The New York Times reported that fashion company Chanel released its annual results for the first time in its 108-year history. It also announced a reorganization that will bring all its various companies under one roof. At a time of heightened competition in high-end retail, the French fashion house said it had opened up its books to show that it had the size, and the willingness, to fend off any takeover approaches.

‘We realized it was time to put the facts on the table as to exactly who we are: a $10 billion company with very strong financials, plus all the means and ammunition at our disposal to remain independent,’ said CFO Philippe Blondiaux.

– According to Reuters, Bank of America’s Merrill Lynch unit admitted to misleading brokerage customers about which firms processed their trades and agreed to pay a $42 million fine under a settlement with the SEC. The settlement follows a similar agreement with the New York attorney general in a related probe nearly three months ago, under which Merrill Lynch also admitted to wrongdoing and agreed to pay a $42 million fine.

The SEC said Merrill Lynch engaged in a scheme known as ‘masking’ – including the alteration of trade confirmations – to deceive customers into thinking it was processing their trades in-house, making its trading services appear more active and sophisticated, and reducing the fees it would pay to exchanges.

Bank of America referred to a statement it made on March 23 about the New York settlement, when it said: ‘At all times we met our obligation to deliver the best prices to clients. About five years ago, we addressed the issues concerning communicating to clients about where their trades were executed.’

– The Federal Trade Commission’s new chair, Joseph Simons, is promising active antitrust enforcement across industries as well as scrutiny of big technology platforms, according to the WSJ. Simons said his message to the business community is to expect vigorous enforcement. ‘That’s the key thing. That’s the mantra,’ he said, adding: ‘We want to go after cases that matter.’

– The WSJ reported that, according to an analysis of corporate filings by ISS Analytics, women in the first five months of 2018 accounted for 248 – or 31 percent – of new board directors at the country’s 3,000 biggest publicly traded companies. That is the highest percentage in at least a decade and puts 2018 on track to be a record year for new female board members.

Companies haven’t put women into leadership roles in the boardroom at the same rate, however. Although women occupy 18 percent of board seats at the 3,000 biggest companies, just 10 percent of lead independent directors are women and only 4 percent of boards are led by a woman, according to the ISS data.

Large investors such as State Street Global Advisors and BlackRock are calling for companies to diversify their boards and, in some cases, voting against certain directors at firms with all-male boards.

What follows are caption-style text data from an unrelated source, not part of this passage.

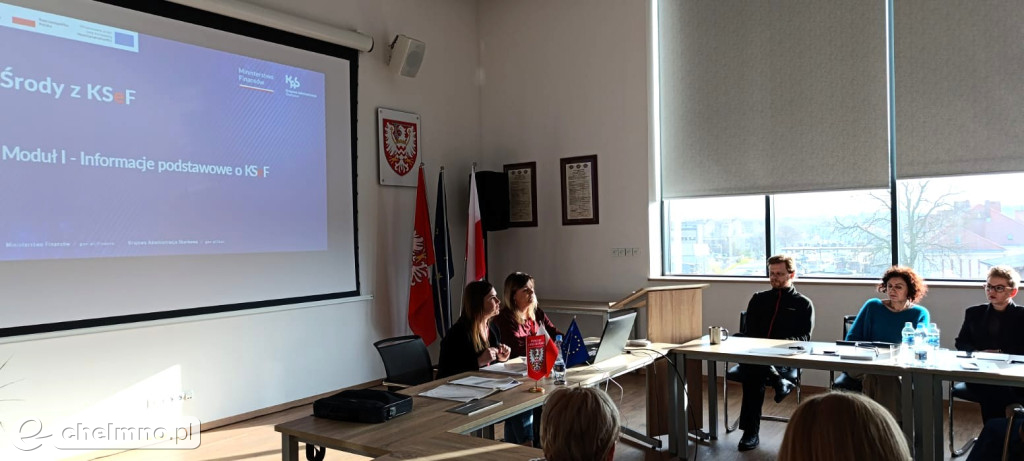 Krajowy System e-Faktur. Szkolimy się!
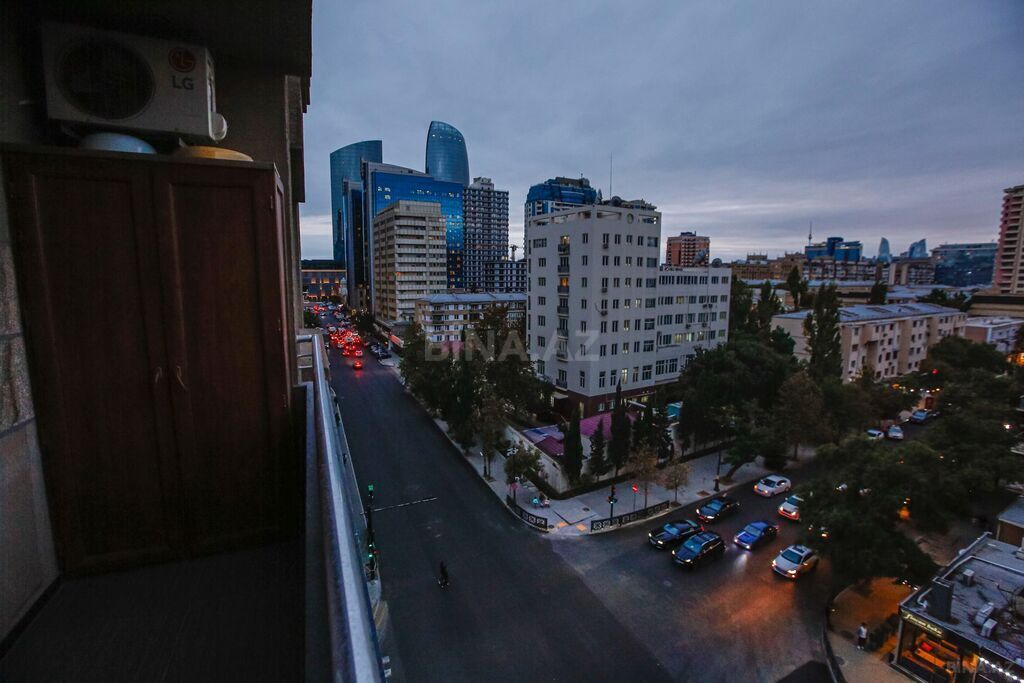 4-комн. новостройка - м. 28 мая - 180 м² (2)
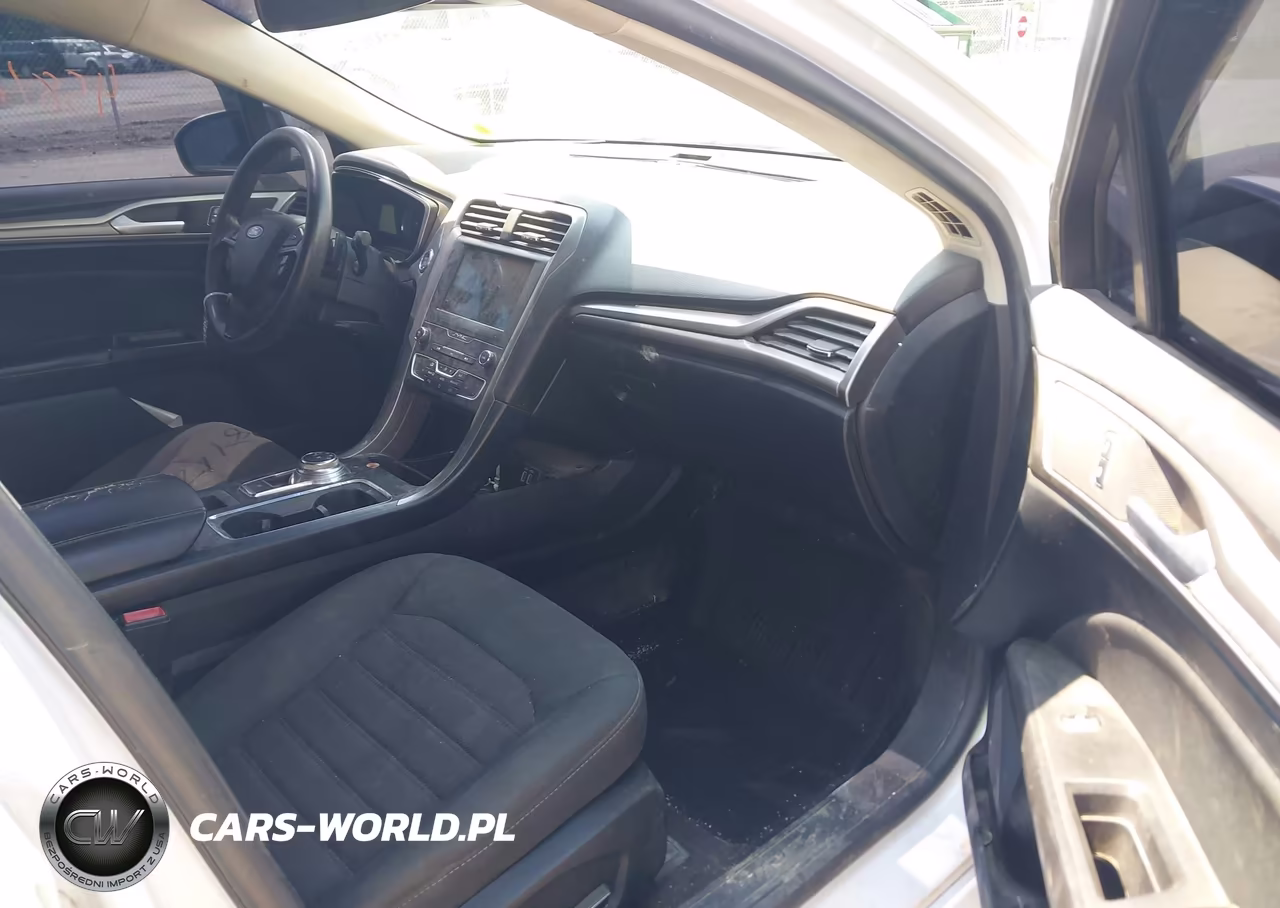 2020 Ford Fusion Se VIN:3FA6P0T92LR166904 - 5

Reuters reported that the 35 largest US banks are preparing to put more money toward dividends, share buybacks and business investments after clearing the first stage of their annual regulatory stress tests. Although the banks would suffer $578 billion in total losses in the Federal Reserve’s most severe scenario to date, their level of high-quality capital would be greater than the threshold regulators demand.

– AmTrust Financial Services said shareholders approved its plan to be taken private by two New York families and a private equity firm, according to the WSJ. The bid was initially challenged by activist investor Carl Icahn, who said the first deal was ‘happening at the wrong price at the wrong time.’ Earlier this month, however, Icahn agreed to support the deal when the buyers increased the offer to $2.95 billion.